Nintendo patents Game Boy phone controller/case
Filing invites speculation of a new way for Mario maker to monetize its legacy games on smartphones
A patent application suggests Nintendo is considering new ways to monetize its catalog of classic Game Boy titles. As reported by Siliconera, a Nintendo US patent application filed in March of this year details what is essentially a smartphone case made to look like an original Game Boy handheld with a D-pad and buttons on the cover flap that would function with capacitive touchscreens.
The application was filed in the US in March of this year, but originally applied for in Japan in March of 2017. The patent's name is "cover," and the first purpose given in the patent summary is to be a novelty cover. However, the patent art unmistakably evokes the Game Boy, and the patent does describe a version of the idea where the cover has a hole cut into it so that users could see a game playing on their device's screen and control it using the buttons on the cover.

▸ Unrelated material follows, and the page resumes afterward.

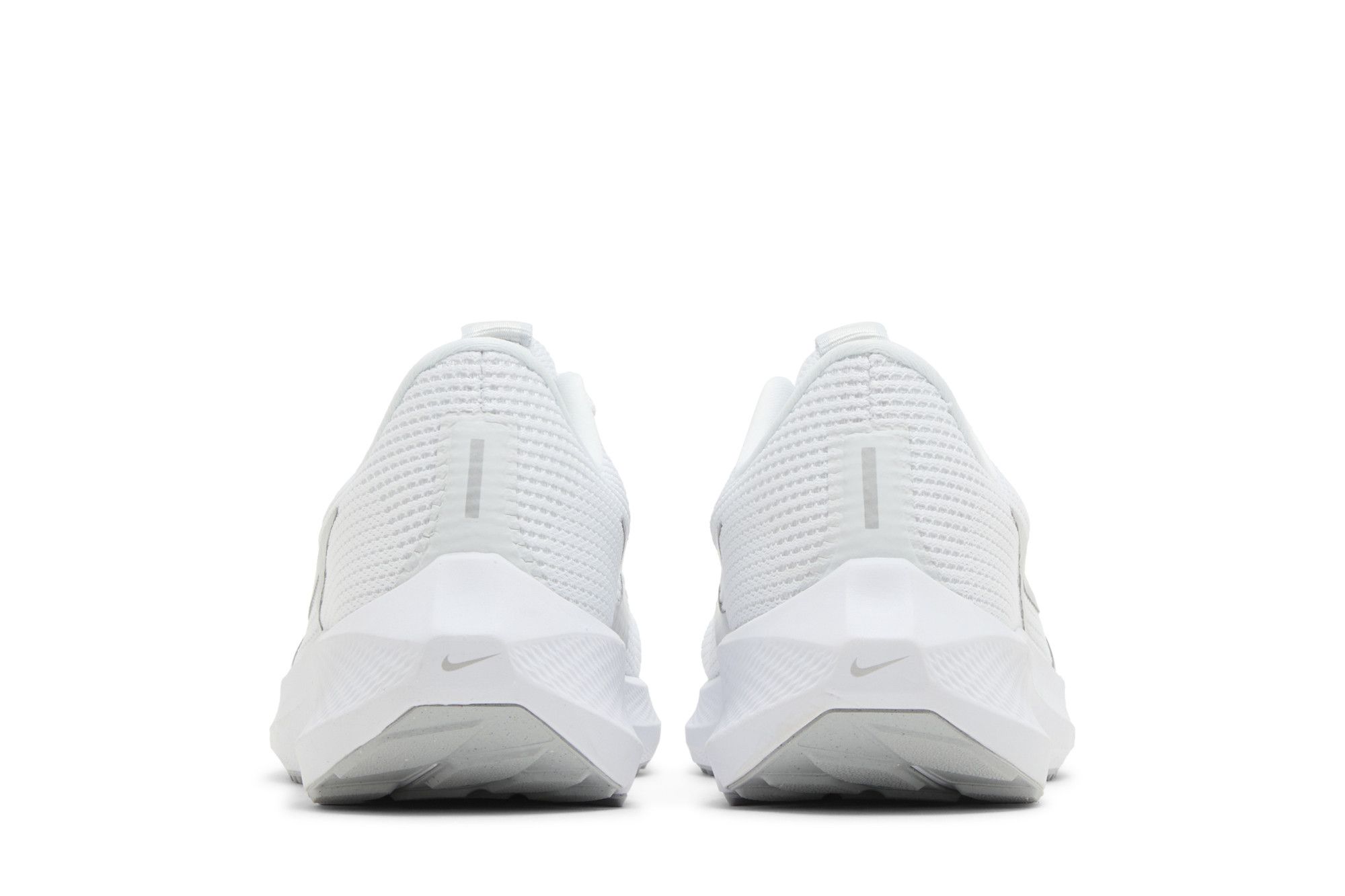 Details for (W) Nike Air Zoom Pegasus 40 ''Wit Metallic Zilver'' DV3854-101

If Nintendo were to roll out a way to play its catalog of Game Boy games on smart devices, it would represent another shift in the company's changing approach to monetizing its older titles. After offering vintage games as a la carte downloads through the Virtual Console service on the Wii, Wii U, and 3DS for years, the company's strategy more recently has been to sell them in microconsoles like the NES Classic and SNES Classic, or to offer them as incentives for subscribers to the Nintendo Switch online service.